Channels and reservoirs to hold and guide reagents can be printed using hydrophobic ink or wax

Regular inkjet printers, the type many of us have in our offices, are used to produce the devices. First, a pattern of channels and reservoirs are designed with a computer program. Next, the printer’s normal ink cartridge is replaced with a cartridge containing a hydrophobic ink or wax. The computer design is then simply printed on paper. 

Wax is restricted to the surface facing the inkjet cartridge, meaning an additional simple step is needed. The paper is placed on a hot plate to melt the wax, so it soaks through the paper. The result is a piece of paper with a pattern printed out in a hydrophobic wax that establishes the channels and reservoirs in three dimensions. ’This process takes about two seconds and costs 0.029 of a US cent - 1/300th of a penny,’ says Ryan. ’People can’t believe it when we tell them.’  
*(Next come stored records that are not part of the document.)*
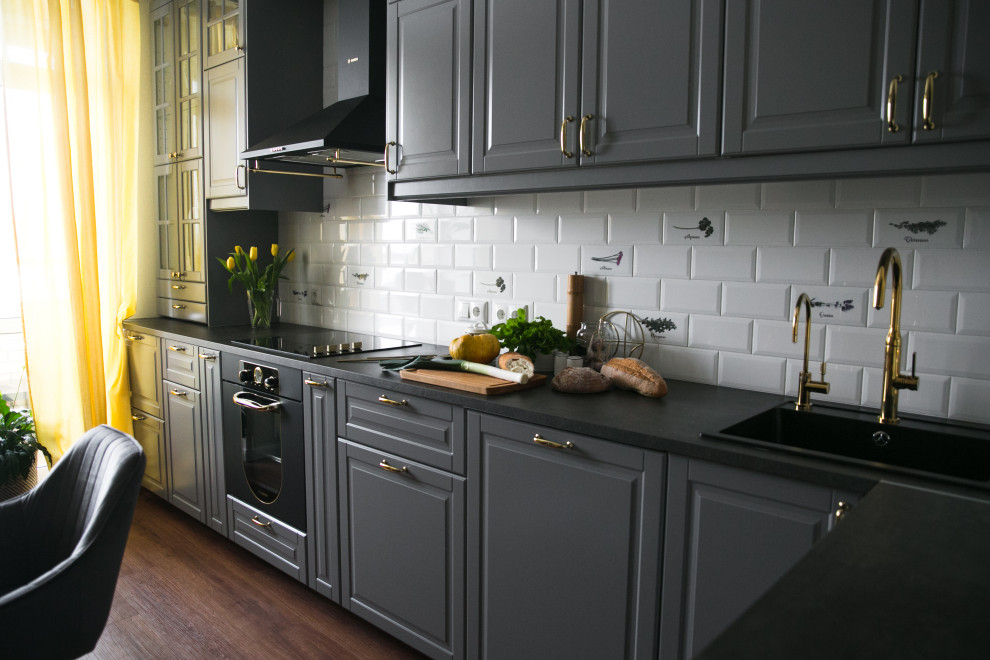 Inredning av ett nordiskt mellanstort svart svart kök, med en nedsänkt diskho, luckor med upphöjd panel, grå skåp, bänkskiva i koppar, vitt stänkskydd, stänkskydd i keramik, svarta vitvaror, vinylgolv och brunt golv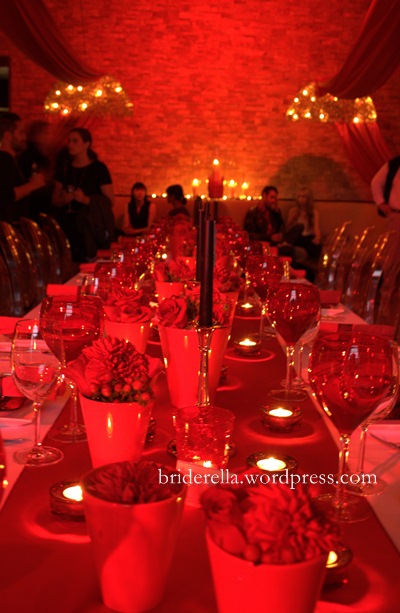 A modern red and white table setting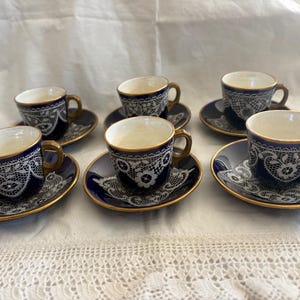 May include: A set of six small porcelain cups and matching saucers featuring a deep navy blue exterior with a white intricate lace-like floral pattern and gold trim along the rims and handles. The interior of each cup is a solid cream color.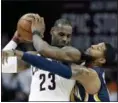  ?? TONY DEJAK — THE ASSOCIATED PRESS ?? The Pacers’ Paul George reaches in against LeBron James in the second half in Game 2 on April 17 in Cleveland.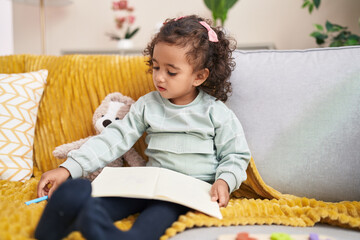 Adorable hispanic girl drawing on notebook sitting on sofa at home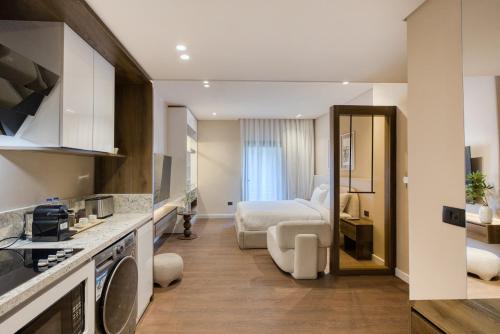 a hotel room with a bed and a kitchen at The Nile Residence in Cairo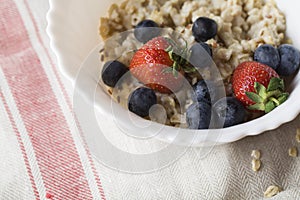 Oatmeal porridge with strawberry, blueberry, flax seeds on gray background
The reagents for the biological or chemical assay can also be deposited using inkjet printing. Just the way a colour printer deposits different coloured inks in different locations on paper, a printer is instructed to deposit various reagents into the reservoirs. Alternatively the reagents can be combined with a sol-gel material, printed as a solution and then set into a gel to immobilise the reagents on the page. A number of devices can be printed onto a regular-sized piece of paper, then cut up into individual sensors.  

.and test 

To do the test, the device is dipped into a sample - be it blood, urine, soil extract or river water. The paper’s inherent porosity wicks up the fluid while the hydrophobic walls of the device guide the fluid to the various reservoirs. At the reservoirs, the sample reacts with the embedded reagents to generate coloured products.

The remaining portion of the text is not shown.